▸ **Material for this exercise**:
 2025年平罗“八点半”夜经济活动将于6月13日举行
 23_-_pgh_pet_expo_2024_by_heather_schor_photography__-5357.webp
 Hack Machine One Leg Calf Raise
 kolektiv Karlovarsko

---

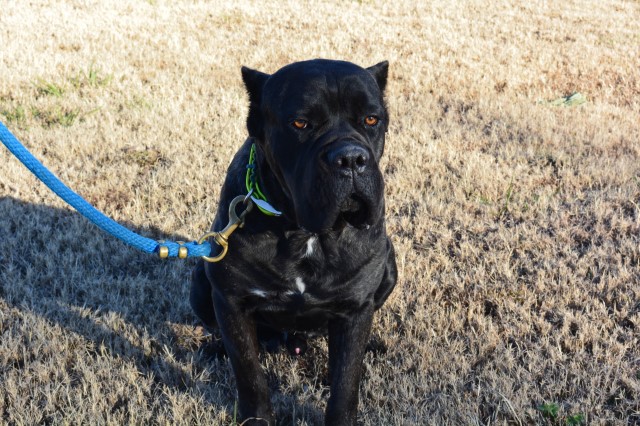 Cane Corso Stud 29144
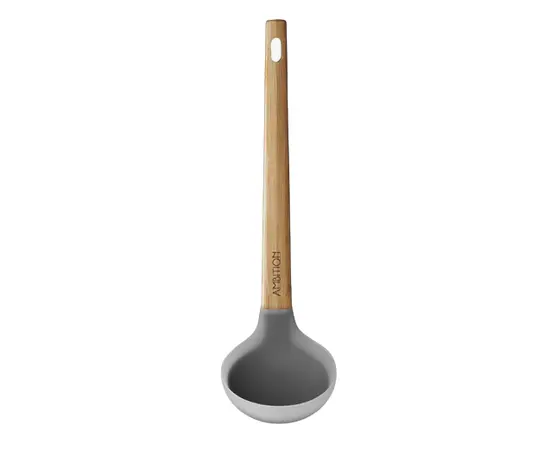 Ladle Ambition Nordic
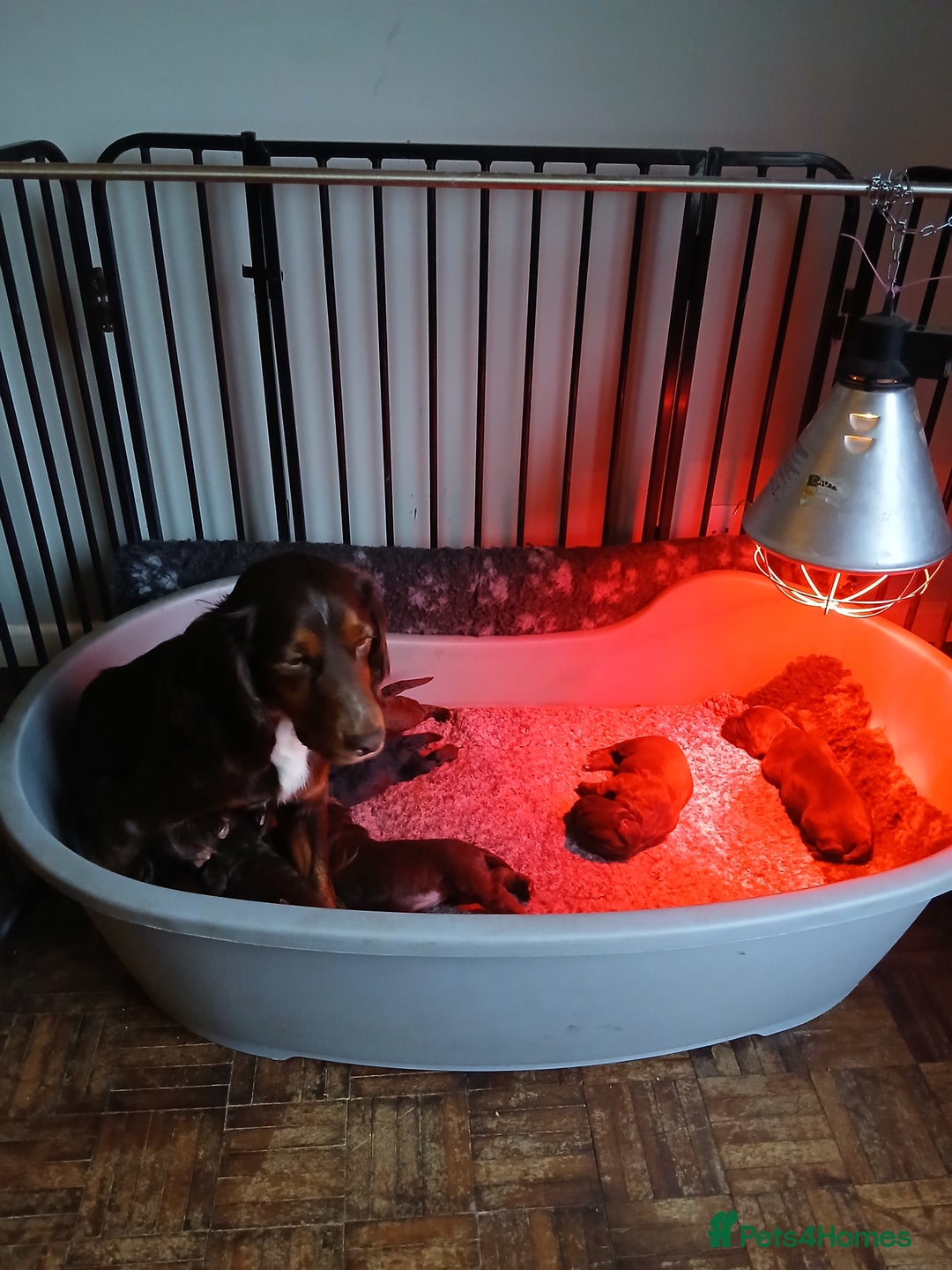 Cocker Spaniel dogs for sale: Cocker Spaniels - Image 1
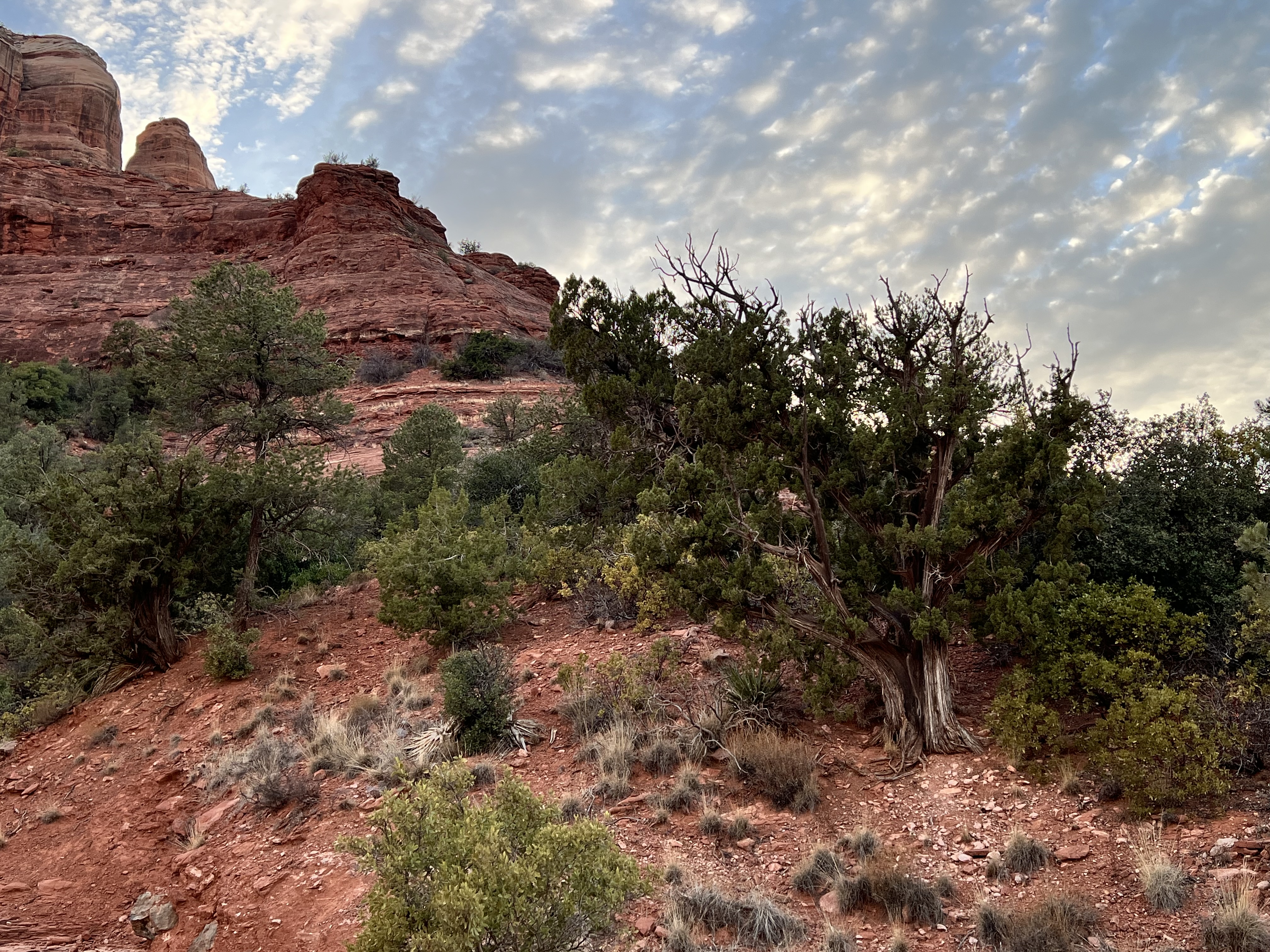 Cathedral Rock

▸ **Task**: Would you retype exactly the lines above, from the line with "23_-_pgh_pet_expo_2024_by_heather_schor_photography__-5357.webp" to the line with "kolektiv Karlovarsko", with both end lines kept and nothing more?

▸ **Response**:
 23_-_pgh_pet_expo_2024_by_heather_schor_photography__-5357.webp
 Hack Machine One Leg Calf Raise
 kolektiv Karlovarsko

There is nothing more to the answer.